2.1.3.3. Test the Effect of Lossy Compression and Errors

With both other packages and my method:

  1. Lossily compress and restore the data, and observe the effect on the computed drainage.
  2. Add random noise to the data, and ditto.

(senior - PhD)

2.1.4. Planar Graph Cross Interpolation

My map overlay program can easily be extended to interpolate data from one map to another. E.g., we could estimate the population of drainage polygons by how much they overlap the census polygons, whose populations we know.
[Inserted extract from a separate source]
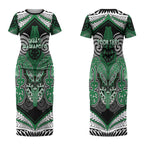 Aotearoa Iwi Ngati Maniapoto Personalised Couples Matching Short Sleeve Bodycon Dress and Long Sleeve Button Shirt Maori Kowhaiwhai Pattern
However this assumes that the population in each census polygon is even across the whole census polygon, and then jumps discontinuously at the border. Generalize the interpolation to assume the population is varying smoothly. That is, the census polygons are sampling a smooth population distribution. Resample it into drainage polygons.

This idea is from Fred Broome.

(masters - PhD)

2.1.5. Extend TIN to Insertion and Deletion

My TIN program inserts points into the triangulation. Extend it to also delete points. The process could go as follows.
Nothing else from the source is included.